En diversas ocasiones dije por escrito lo que pensaba del aborto como fenómeno social, como circunstancia humana y como actividad digna de calificaciones éticas. Para desgracia de todos, acabamos los españoles de comprobar que el aborto es también un arma política.Las armas -las armas blancas las de fuego, las dialécticas, las políticas, etcétera- son herramientas difíciles de aislar de su contexto sin que se deterioren y sin que sufran de paso las secuelas de la trasposición. Mientras haya guerras, sociedades y Estados, quiero decir, mientras existan todos esos diferentes aspectos de una quizá idéntica forma de relación entre los hombres, siempre habrá un arsenal de ingenios de muy cruel eficacia. Poco más podemos hacer al respecto que procurar, por todos los medios a nuestro alcance, que la razón no acabe claudicando.

El riesgo de los bártulos, enseres y aparejos que resultan eficaces es el de la tentación de su uso indiscriminado. Nada más sencillo que pescar truchas con granadas de mano, ni nada tampoco más desproporcionadamente desastroso, puesto que el daño que se causa supera, en todos los órdenes posibles, al beneficio de la pesca descansada. También pudiéramos decir, en vía paralela: nada más despiadamente fácil y trágicamente útil que la especulación política en tomo a ciertos valores como los implicados en la ley del aborto, puesto que la provisionalidad de unos votos en las Cortes o en el Tribunal Constitucional puede trocar, en uno u otro sentido, su verdadera razón de ser.

Las democracias parlamentarias conllevan necesariamente riesgos al estilo de los que Ortega denunció al hablar de la democratización política como fórmula mágica. En no pocas ocasiones hube de explicar a mis contertulios -y en el seno de respetables instituciones en las que se reúnen personas de más que sobradas calidades de inteligencia y buen criterio- que el resultado de las votaciones no es más cosa que la expresión de las voluntades.
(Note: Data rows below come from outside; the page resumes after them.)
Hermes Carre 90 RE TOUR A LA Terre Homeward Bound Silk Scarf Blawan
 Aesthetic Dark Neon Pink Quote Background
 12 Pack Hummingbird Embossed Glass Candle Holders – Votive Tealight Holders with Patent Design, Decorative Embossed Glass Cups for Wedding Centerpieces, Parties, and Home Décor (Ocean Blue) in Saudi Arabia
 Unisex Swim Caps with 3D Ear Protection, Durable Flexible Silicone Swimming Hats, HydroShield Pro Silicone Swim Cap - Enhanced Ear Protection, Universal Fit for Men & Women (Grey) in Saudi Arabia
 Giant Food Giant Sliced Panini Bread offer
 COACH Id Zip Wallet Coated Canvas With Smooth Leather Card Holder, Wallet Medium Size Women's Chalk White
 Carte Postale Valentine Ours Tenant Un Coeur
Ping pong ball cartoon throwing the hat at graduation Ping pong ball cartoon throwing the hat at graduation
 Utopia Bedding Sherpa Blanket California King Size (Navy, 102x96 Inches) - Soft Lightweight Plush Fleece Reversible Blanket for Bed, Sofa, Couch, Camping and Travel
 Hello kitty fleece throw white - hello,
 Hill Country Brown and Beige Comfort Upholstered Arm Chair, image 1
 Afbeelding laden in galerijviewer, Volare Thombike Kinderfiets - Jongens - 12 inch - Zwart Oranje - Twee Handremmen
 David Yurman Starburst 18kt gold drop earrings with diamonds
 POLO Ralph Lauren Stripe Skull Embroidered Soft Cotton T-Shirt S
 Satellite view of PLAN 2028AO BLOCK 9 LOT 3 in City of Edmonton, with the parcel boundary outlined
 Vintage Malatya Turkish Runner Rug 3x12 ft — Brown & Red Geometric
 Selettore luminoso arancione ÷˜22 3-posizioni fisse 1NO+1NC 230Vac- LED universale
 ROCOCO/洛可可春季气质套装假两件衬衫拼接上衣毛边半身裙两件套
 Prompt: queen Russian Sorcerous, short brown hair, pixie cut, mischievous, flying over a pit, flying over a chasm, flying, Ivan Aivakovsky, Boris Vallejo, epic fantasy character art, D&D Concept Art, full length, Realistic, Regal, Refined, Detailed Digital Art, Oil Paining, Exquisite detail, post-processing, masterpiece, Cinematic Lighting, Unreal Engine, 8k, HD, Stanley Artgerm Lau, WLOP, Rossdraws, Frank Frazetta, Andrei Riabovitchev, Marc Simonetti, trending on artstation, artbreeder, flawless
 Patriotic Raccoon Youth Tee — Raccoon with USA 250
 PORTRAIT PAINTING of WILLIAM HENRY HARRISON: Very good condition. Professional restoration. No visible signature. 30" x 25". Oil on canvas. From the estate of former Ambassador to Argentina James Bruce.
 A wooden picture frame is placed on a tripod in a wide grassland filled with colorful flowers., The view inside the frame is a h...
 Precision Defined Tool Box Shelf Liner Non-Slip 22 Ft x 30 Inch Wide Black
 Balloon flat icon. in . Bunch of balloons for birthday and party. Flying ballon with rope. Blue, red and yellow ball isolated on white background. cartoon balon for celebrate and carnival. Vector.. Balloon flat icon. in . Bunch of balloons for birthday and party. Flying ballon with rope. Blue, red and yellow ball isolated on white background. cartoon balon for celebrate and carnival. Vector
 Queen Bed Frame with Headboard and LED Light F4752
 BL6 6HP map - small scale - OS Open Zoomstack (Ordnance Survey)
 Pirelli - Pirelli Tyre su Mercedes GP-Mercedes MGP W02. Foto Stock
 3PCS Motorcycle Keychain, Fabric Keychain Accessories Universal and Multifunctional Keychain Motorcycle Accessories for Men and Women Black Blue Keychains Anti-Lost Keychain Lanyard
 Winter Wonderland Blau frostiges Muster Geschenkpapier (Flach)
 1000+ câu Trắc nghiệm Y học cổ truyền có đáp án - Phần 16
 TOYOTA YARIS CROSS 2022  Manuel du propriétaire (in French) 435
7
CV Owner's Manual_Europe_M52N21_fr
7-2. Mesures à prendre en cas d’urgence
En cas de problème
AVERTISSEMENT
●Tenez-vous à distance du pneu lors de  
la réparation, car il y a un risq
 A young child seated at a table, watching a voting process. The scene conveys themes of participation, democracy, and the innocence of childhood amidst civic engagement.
No puede votarse acerca del día de la semana en que vivimos -que es uno y no otro, al margen de nuestra voluntad-, ni decidir por mayoría que la primavera del hemisferio norte comienza en el mes de noviembre porque, nos pongamos como nos pongamos, no es cierto. (De pasada y entre paréntesis recuerdo al paciente lector la disparatada ocurrencia de unos demócratas de guardarropía que pusieron a votación hace ya muchos años, ¡menos mal!, y dicen que en el Ateneo de Madrid, la existencia o no existencia de Dios; ganó Dios por un voto.)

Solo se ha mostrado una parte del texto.